Consequences

This is such a good blog piece by Fr. Steven Freeman that I simply must link and share it with my comments.

This paragraph struck me with force:

The British political thinker, Edmund Burke (1730-1797), is often considered one of the fathers of conservatism. He was not opposed to change, but was deeply aware of the “law of unintended consequences.” When something is changed, everything is changed to some extent. Only time will reveal whether the sum total will have been an improvement or a disaster. His philosophy of governance was thus, “Go slowly.” 

This is the battle we are fighting on so many fronts now in our culture. The odd thing about this battle is that we do have the benefit of time and experience to draw upon and see if the changes we are making are beneficial or not. We now know that what was a new and, at that time, exciting push to change sexual morality, spearheaded by Playboy magazine, has been an unmitigated disaster. Statistics are piled deep which attest to the divorces, STDs, suicides, sterility, and growth in abortion which has come from relinquishing all traditional moral restraints upon our sexual expression.

I was a young man when that ignoble experiment on human relationships began, and I watched it unfold with dizzying speed. No one was suggesting “go slowly” as Playboy pushed every boundary apart, and like a dam in front of a million gallons of water giving way, unleashed a powerful and deadly torrent of change which no one has been able to restrain to this point. To my deep regret, I was one of the people eagerly pushing the twisted ideas without any thought for what they might mean.
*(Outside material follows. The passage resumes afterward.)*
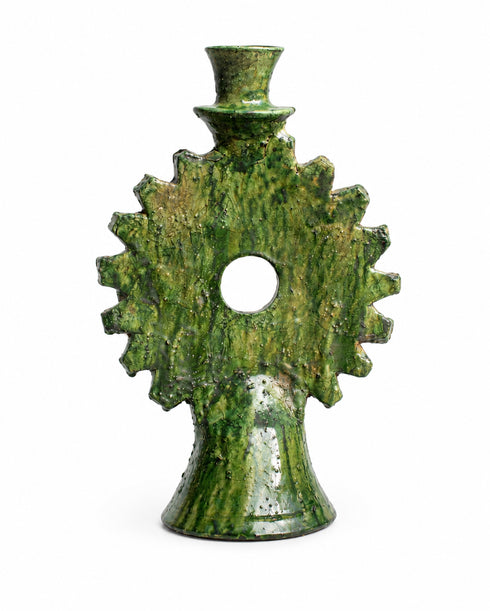 Illuminate your mantle with an Art of handmade Tamegroute ceramic candlestick.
Even after several bouts with STDs,  so profoundly was I caught in the web of my unrestrained passions that in my pride I would not consider that I was wrong. The insanity of my life, my bitter experiences over time, should have brought me to look over the results of my behavior and realize, “Hey,  I need to stop this. This ain’t going well.” But I was trapped, and only the grace of God was able to rescue me from a life that had become so wretched that I had begun to seriously have thoughts of  suicide by the time I heard the Gospel message of God’s love and repented.
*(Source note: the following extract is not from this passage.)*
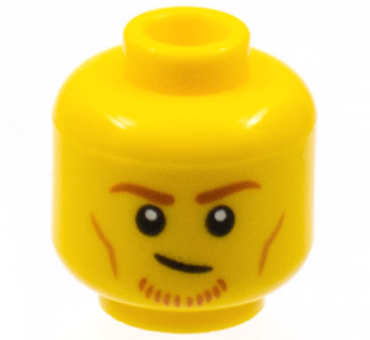 3626pb2941 - Minifigure, Head Dark Orange Eyebrows and Chin Whiskers, Medium Nougat Cheek Lines Pattern - Hollow Stud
In the United States, we are facing a similar situation. Father Dwight Longenecker wrote a splendid blog piece, Modern America: A Disneyland Dystopia, which should be mandatory reading once every year for the four years of a student’s high school. In this piece, Father Longenecker outlines clearly the results of a century of pushing aside all restraints and charging like a bull into the future without pause to consider the ramifications of our choices.

To bring this closer to home, here in Fairfax County, Virginia, we are facing a school board that simply will not listen to the wisdom, the science, the evidence, and the fractured lives left in the wake of sixty years of the Playboy philosophy. Not only are the united members of the school board aggressively pushing the twisted sexual agenda of the LGBTQ and Transgender communities (if less than 3% of the population qualifies as a “community” rather than a loose-knit compendium of people with severe psychological problems who need help), but they routinely break the law to push their agendas and ignore the testimonies of many who have spoken at school board meetings to oppose this harmful nonsense. I have addressed the school board twice on this issue, inviting them to correspond with me in regards to these issues:

 

 

The response to my invitation to speak with me:  crickets chirping.

Sandy Evans is the worst of the bunch. She has violated laws which regulate the operating of the school board, there is a recall effort out to try to remove her from her seat, and yet everything pushes on without restraint. It is hard for me to understand how these men and women, whose position is one in which the lives and futures of children are very much in their hands, can ignore decades of evidence against sexual immorality and continue to push this downward spiral. When I think of the damage these promoters of hedonism without consequence are doing, I become enraged. They are violating a sacred trust given to them by the parents of the students who are going to needlessly suffer from this agenda.

The worst part is this: there are some decisions which can be reversed. Bad effects can be overcome, and the earlier a mistake is corrected, the less damage it will do.  But after sixty years of unrestrained immorality, I am afraid that we may have reached the point of no return. The comfortable rich and middle-class in America don’t care. They are insulated from the reality of the destruction that such behaviors are causing.

It will be up to another generation to pick up the pieces – if there are pieces left to pick up.